Written by Nina Herndon, Director of Communications
Whether you follow along on Facebook or Instagram, receive our emails, read blog posts, or visit the website every so often, you’ve come across something that I have the honor of helping with, here in my role at Maggie’s. I created this Staff Spotlight series as a way to introduce you to all the incredible women, usually behind (and sometimes in front of) the scenes, making sure that The Magdalen House is available to the next alcoholic woman who has a desire to get sober and experience recovery.

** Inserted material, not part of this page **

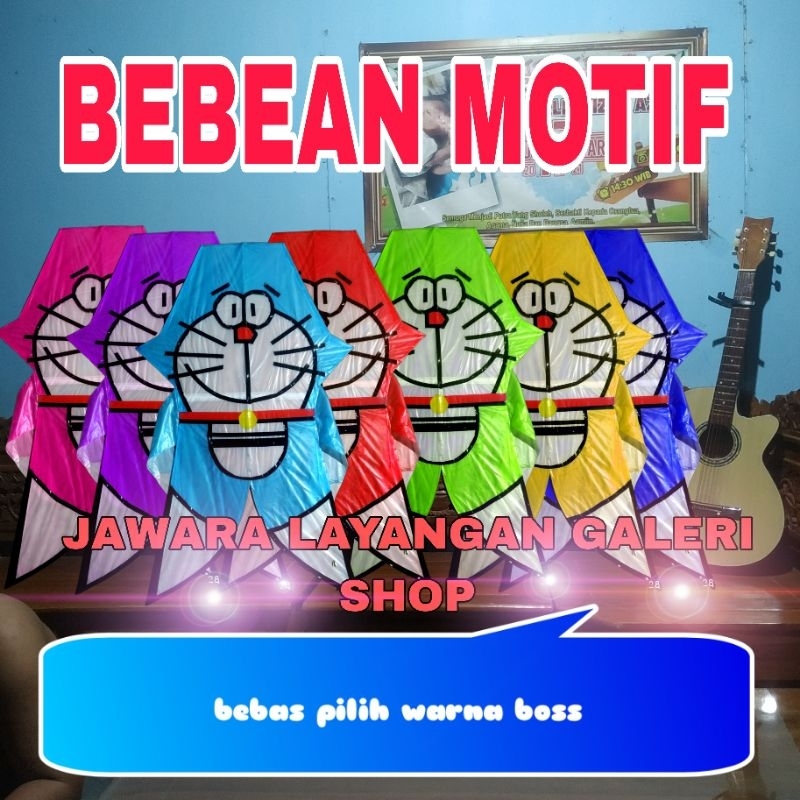layang layang bebean doraemon uk.1meter unik lucu semi knockdown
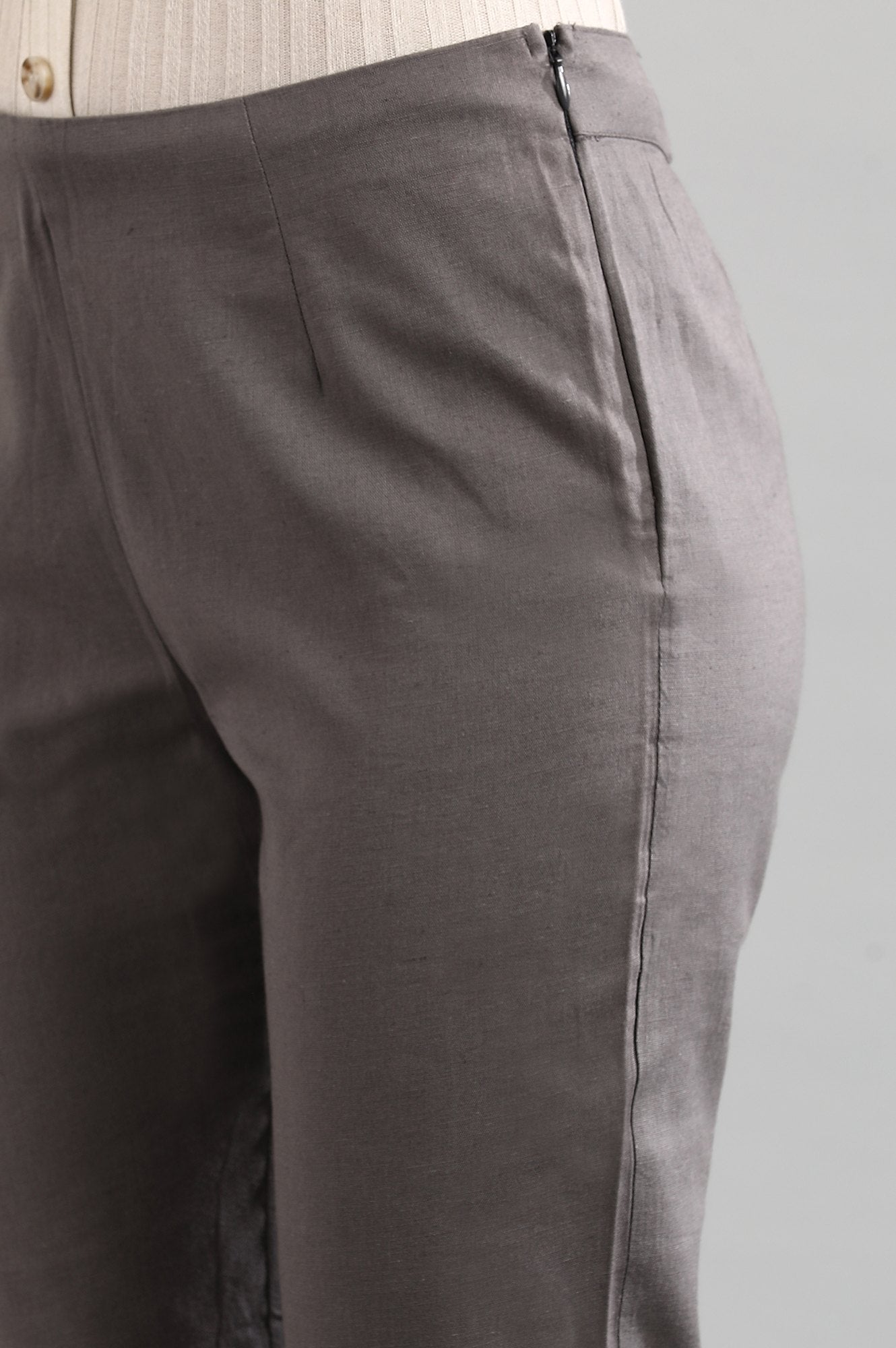 Grey Solid Trousers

While I’ll be interviewing my coworkers, as I did with Mary, it feels odd to pretend to question myself. So here I am, sharing a little bit about myself in honor of celebrating five years. I appreciate you following along wherever you are, because whether or not you realize it, you are helping Maggie’s to reach more alcoholic women in need.
My thoughts on the biggest gift in recovery:
It’s so cliché, I know, but there are so many gifts that come from being in recovery and continuing to work the program that makes sobriety possible in my life. When I met the woman that would become my first sponsor, I couldn’t believe that she had gone almost an entire decade completely sober and yet seemed genuinely happy. I think that’s the most significant gift – I get to live a life that is far beyond anything I could have ever imagined for myself, and being sober is nothing like I expected.

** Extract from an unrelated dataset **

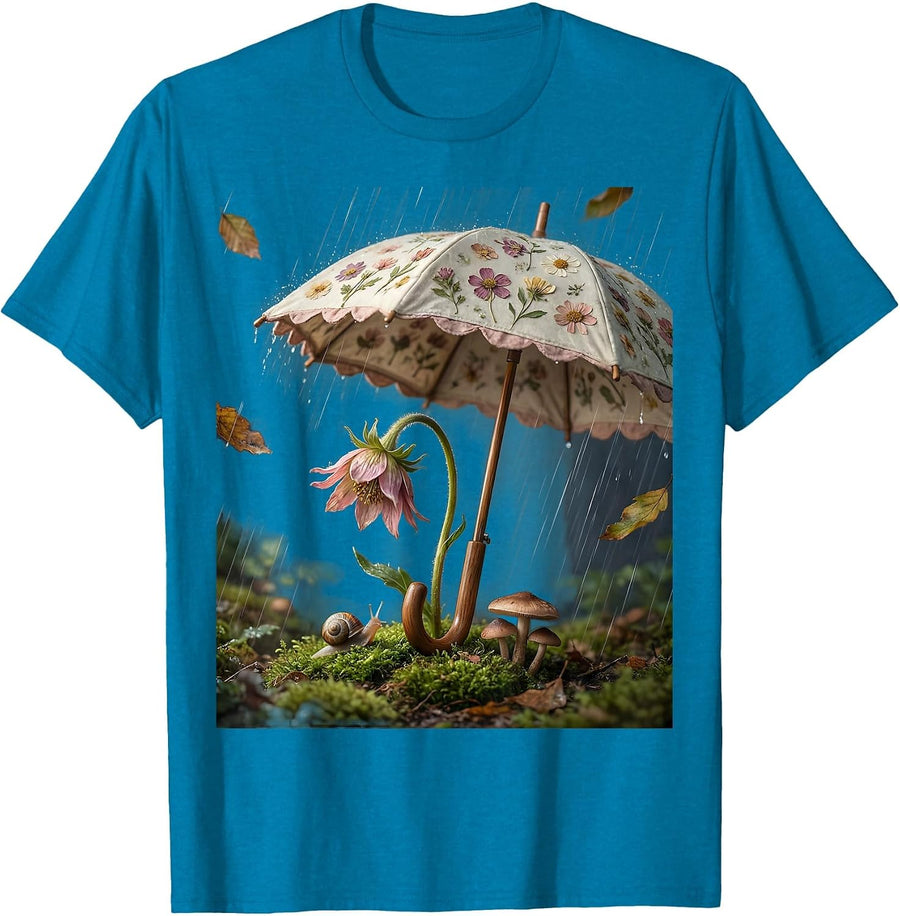 Umbrella Shelter Wilting Flower Suicide Prevention T-Shirt - Sapphire Blue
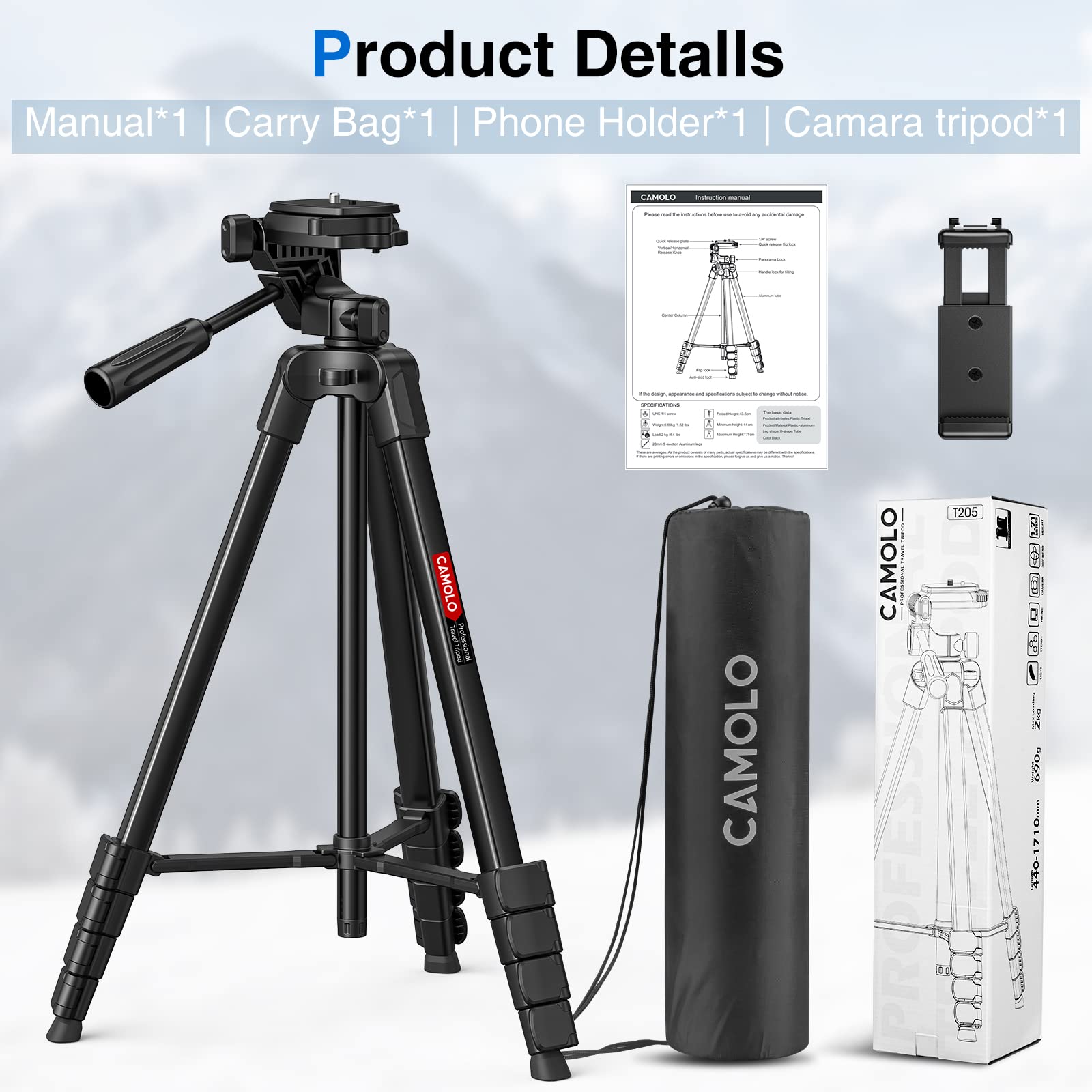 Camolo Phone Tripod，67”Camera Tripod Dslr Tripod For Travel Aluminum Camera Tripod With Travel Bag Vlogging Camera Cell Phone Tripod Video Photography For Youtube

My advice for the woman who is newly sober, or still trying to get sober:
Do the things you don’t “feel like” doing. Early on, my sponsor had a way of helping me realize that doing the things I “felt like” wasn’t exactly going well for me, and she was spot on. Up to that point I had done everything that I felt like doing, and yet I was miserable. I couldn’t stop drinking. I felt like life was pointless. And I felt like I didn’t want to live anymore.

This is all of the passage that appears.